• _Problem description_: Give all of the listing again word for word, with images excluded.

• _Material for this exercise_:
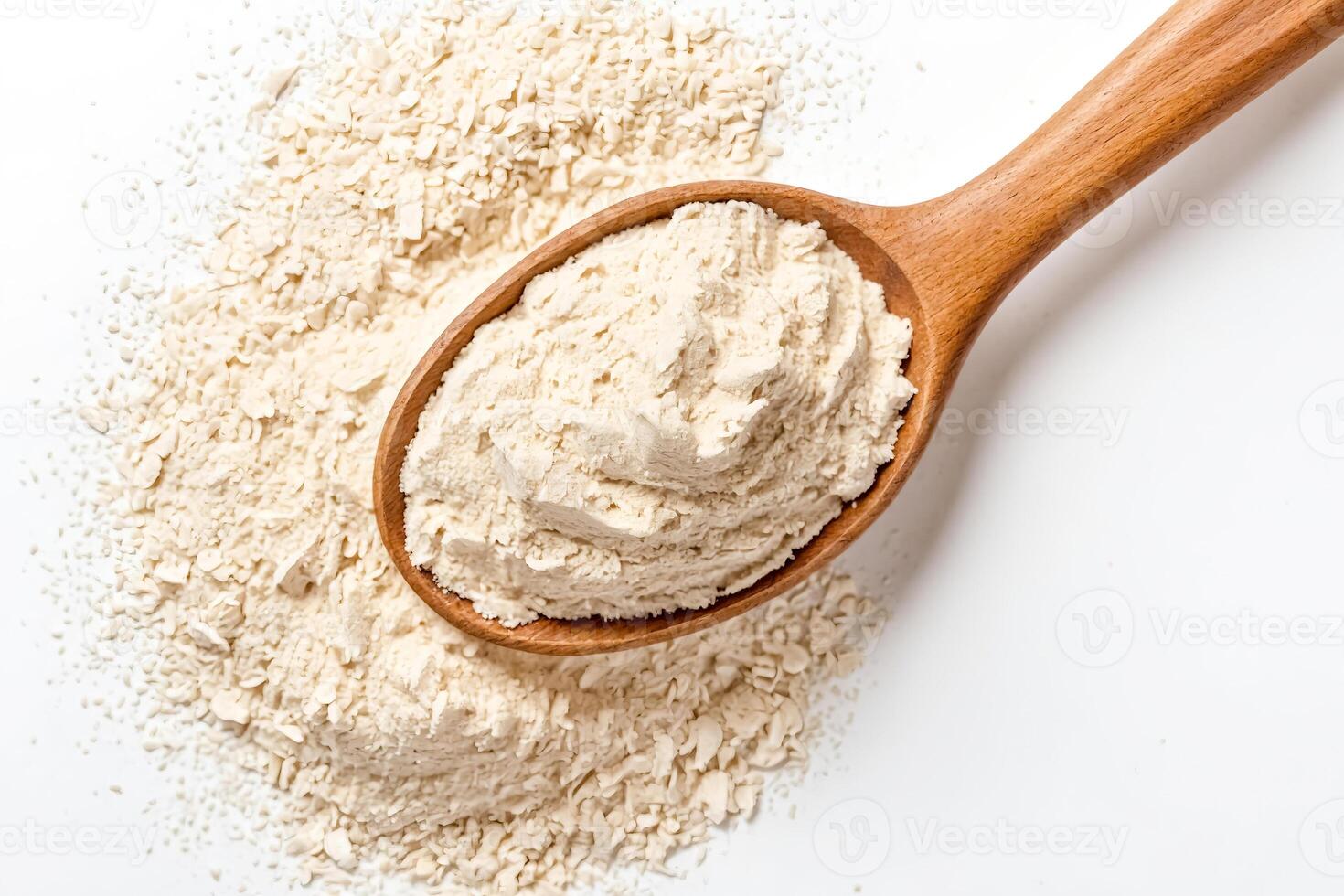 Close-up of a wooden spoon filled with white powder on a white background photo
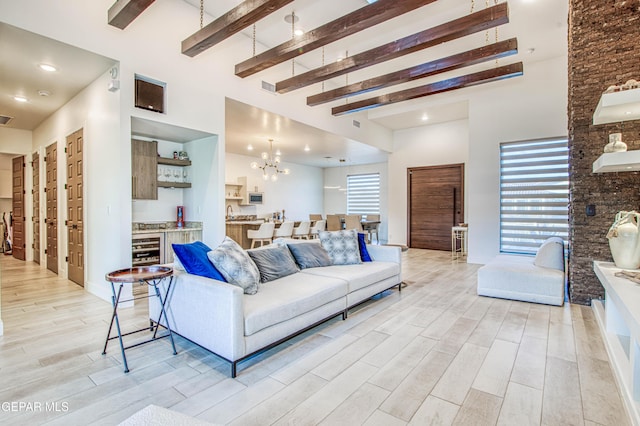 living room with beamed ceiling, a high ceiling, a notable chandelier, and beverage cooler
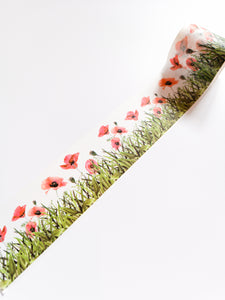 A roll of Poppy Field Washi Tape with red poppies on it, from the GretelCreates brand.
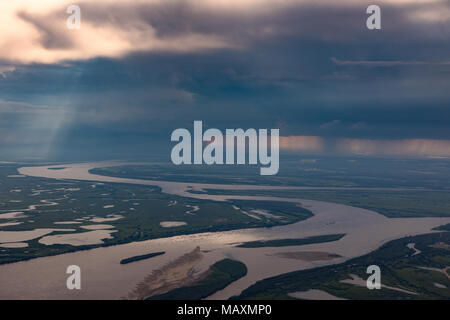 Rain comes from thunderclouds over the Great plain river in summer, the top view Stock Photo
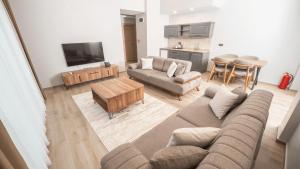 a living room with a couch and a table at Altındere Vadi Hotel in Akyazı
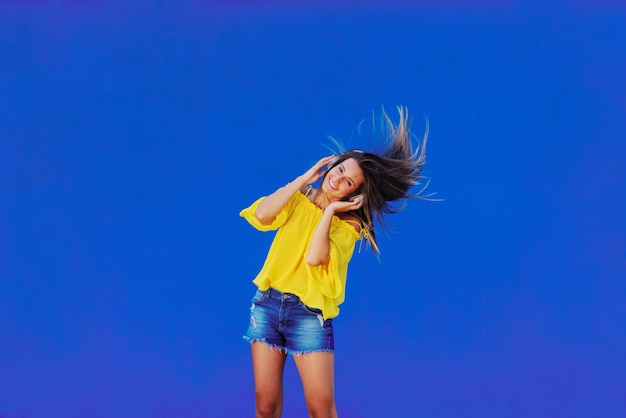 Fille gaie en chemise jaune debout contre le mur bleu avec un casque sur la tête.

• _Result for this task_:
 Close-up of a wooden spoon filled with white powder on a white background photo
 living room with beamed ceiling, a high ceiling, a notable chandelier, and beverage cooler
 A roll of Poppy Field Washi Tape with red poppies on it, from the GretelCreates brand.
 Rain comes from thunderclouds over the Great plain river in summer, the top view Stock Photo
 a living room with a couch and a table at Altındere Vadi Hotel in Akyazı
 Fille gaie en chemise jaune debout contre le mur bleu avec un casque sur la tête.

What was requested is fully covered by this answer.